Kiara se encontraba tensa, con los ojos velados por las lágrimas que se negaban a caer. Por un breve momento, Darius dejó de atormentarla con sus caricias y se recostó en su opulenta cama aterciopelada.
—Tráeme vino —exigió Darius, y Kiara, a regañadientes, se dirigió hacia la mesa que exhibía frutas frescas y jarras de vino tinto.
Sin embargo, antes de servir la bebida, su mirada se detuvo en un pequeño cuchillo que yacía entre la bandeja de frutas. Con un rápido movimiento, lo tomó y lo ocultó en la manga de su vestido, sintiendo que era su única oportunidad de defensa.
Se acercó de nuevo a Darius, sosteniendo la copa de vino que tanto le gustaba beber. Y este luego de tomar un sorbo, en un acto de desdén, tiró del vestido de Kiara, haciendo que ella se sentara de golpe cerca de él.
—Kiara, mi hermosa rebelde —susurró Darius al oído, mientras sus manos comenzaban a explorar entre sus piernas de una forma inapropiada.

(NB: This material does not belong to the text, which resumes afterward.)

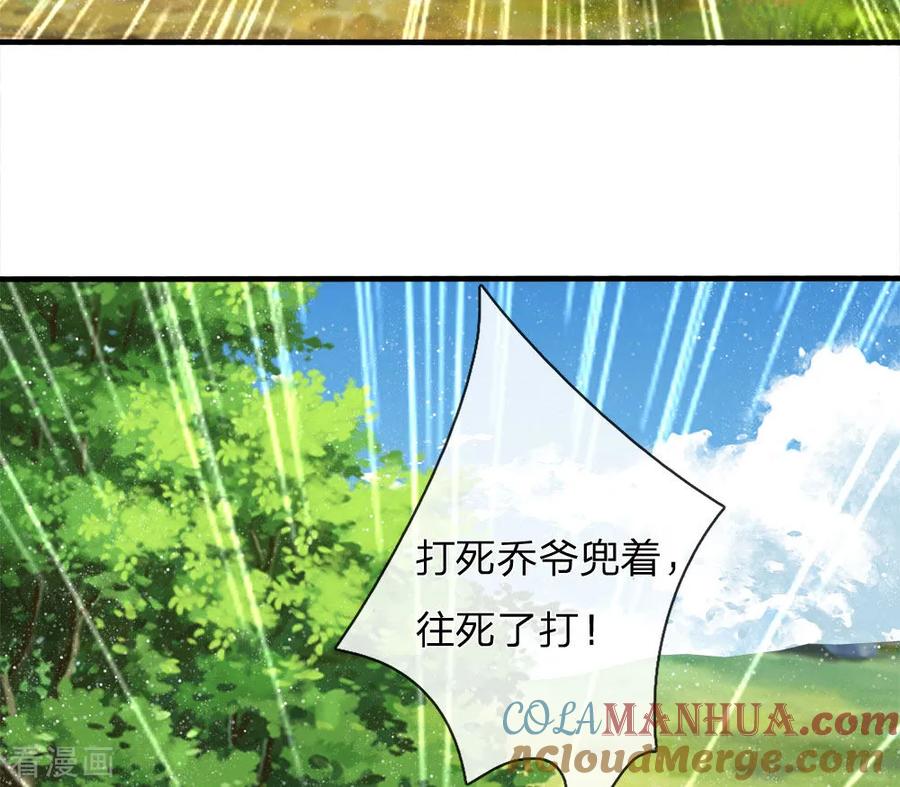 《史上第一纨绔》第78话 在我面前也敢称爷？ 第25页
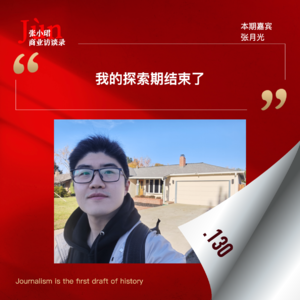 130. 张月光创业两年首次访谈:妙鸭不是AI Native产品、流程到上下文设计、One Way Door和乙女游戏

Sin pensarlo dos veces, Kiara apretó los dientes y clavo el cuchillo que había guardado en su manga, hundiéndolo en el brazo izquierdo de Darius con una fuerza inesperada. Su grito de dolor resonó por toda la habitación y aprovechando el momento de sorpresa, se liberó de su agarre, pero él intentó sujetarla de nuevo, aferrándose a su vestido. Sin embargo, la agilidad de Kiara prevaleció y logró escapar corriendo fuera de la habitación.

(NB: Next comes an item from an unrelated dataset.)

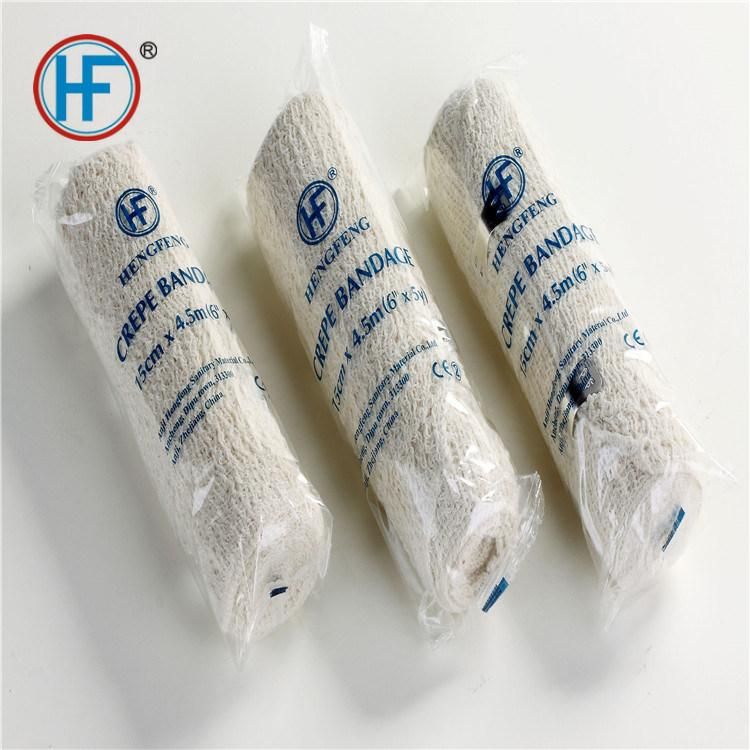 60GSM Natural Color Elastoc Bandage 5cm X 4.5m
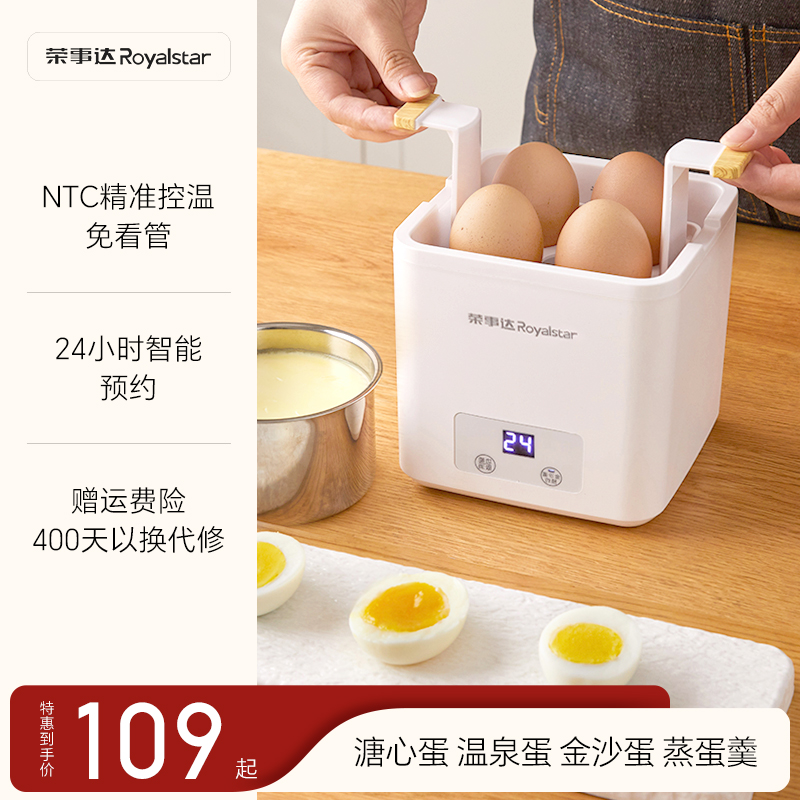 Boom Da Cooking Egg machine Home Small fully automatic power-off steam egg Steam Egg multifunction Dormitory Mini Breakfast God 42-Taobao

Mientras corría por los largos y oscuros pasillos del palacio, su corazón latía desbocado en su pecho, acompañando el eco de los gritos furiosos de Darius que llamaban a los guardias para detenerla. Pero Kiara conocía bien el laberinto de aquel palacio y, con una mezcla de instinto y pura adrenalina, esquivó las sombras que se proyectaban en las paredes, saltando y girando con desesperación hasta que llegó a una puerta oculta. Detrás de ella se extendía un basurero, un lugar olvidado por todos, donde podía ocultarse de la vista de sus perseguidores.

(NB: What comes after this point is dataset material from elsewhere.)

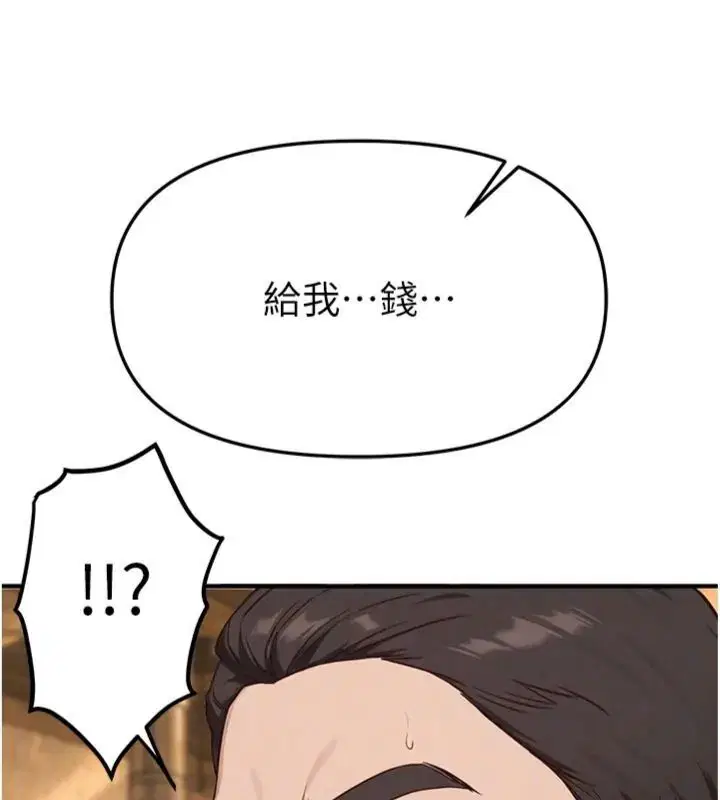 第81話-別再隱藏妳害羞的模樣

Atravesó la puerta y se adentró en el bosque que rodeaba al palacio. A medida que corría, el aire fresco y húmedo llenaba sus pulmones, pero su corazón palpitaba tan rápido que parecía que iba a estallar. Siguió corriendo, adentrándose entre los árboles, sintiendo la libertad por primera vez en un largo tiempo; era en este momento que podía vislumbrar la esperanza de un futuro sin el dominio opresor de Darius.
Kiara sabía que su vida no volvería a ser la misma, pero en su interior se encendía una chispa. La lucha por su libertad apenas comenzaba y aunque la noche era oscura y el camino incierto, su espíritu rebelde se negaba a rendirse.